After batting around some ideas for a new system, Thompson wrote the first version of Unix, which the pair would continue to develop over the next several years with the help of colleagues Doug McIlroy, Joe Ossanna and Rudd Canaday. Some of the principles of Multics were carried over into their new operating system, but the beauty of Unix then (if not now) lay in its "less is more" philosophy.
"A powerful operating system for interactive use need not be expensive either in equipment or in human effort," Ritchie and Thompson would write five years later in the Communications of the ACM (CACM), the journal of the Association for Computing Machinery. "[We hope that] users of Unix will find that the most important characteristics of the system are its simplicity, elegance, and ease of use."
Apparently, they did. Unix would go on to become a cornerstone of IT, widely deployed to run servers and workstations in universities, government facilities and corporations.

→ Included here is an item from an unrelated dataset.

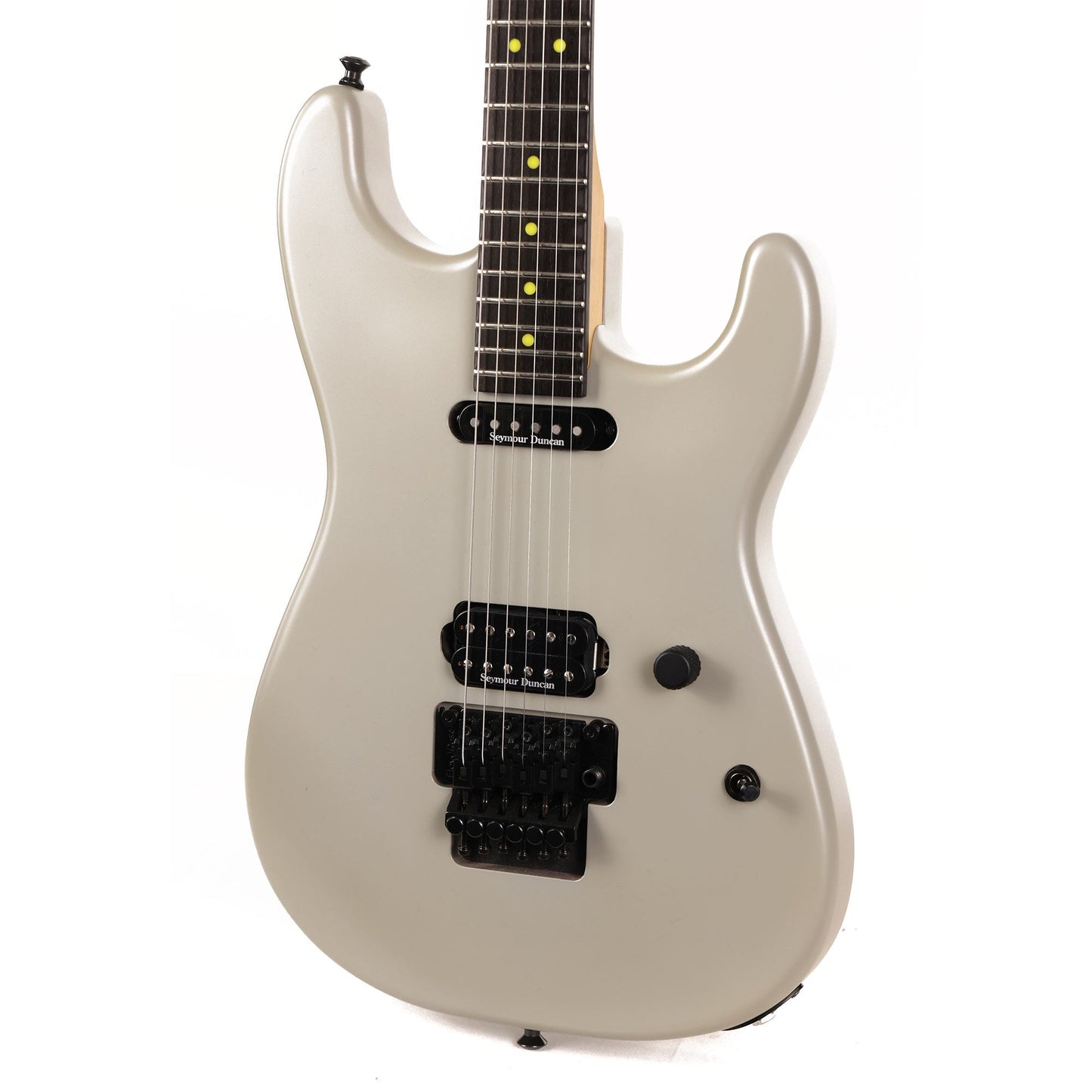 Charvel Pro-Mod Wild Card #7 Primer Scream 2011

And its influence spread even further than its actual deployments, as the ACM noted in 1983 when it gave Thompson and Ritchie its top prize, the A.M. Turing Award for contributions to IT: "The model of the Unix system has led a generation of software designers to new ways of thinking about programming."
Of course, Unix's success didn't happen all at once. In 1971, it was ported to the PDP-11 minicomputer, a more powerful platform than the PDP-7. Text-formatting and text-editing programs were added, and it was rolled out to a few typists in the Bell Labs patent department, its first users outside the development team.
In 1972, Ritchie wrote the high-level C programming language (based on Thompson's earlier B language); subsequently, Thompson rewrote Unix in C, greatly increasing the operating system's portability across computing environments. Along the way, it picked up the name Unics (Uniplexed Information and Computing Service), a play on Multics; the spelling soon morphed into Unix.
It was time to spread the word. Ritchie and Thompson's July 1974 CACM article, "The UNIX Time-Sharing System," took the IT world by storm. Until then, Unix had been confined to a handful of users at Bell Labs. But now, with the Association for Computing Machinery behind it -- an editor called it "elegant" -- Unix was at a tipping point.
"The CACM article had a dramatic impact," IT historian Peter Salus wrote in his book The Daemon, the Gnu and the Penguin (Reed Media Services, 2008). "Soon, Ken was awash in requests for Unix."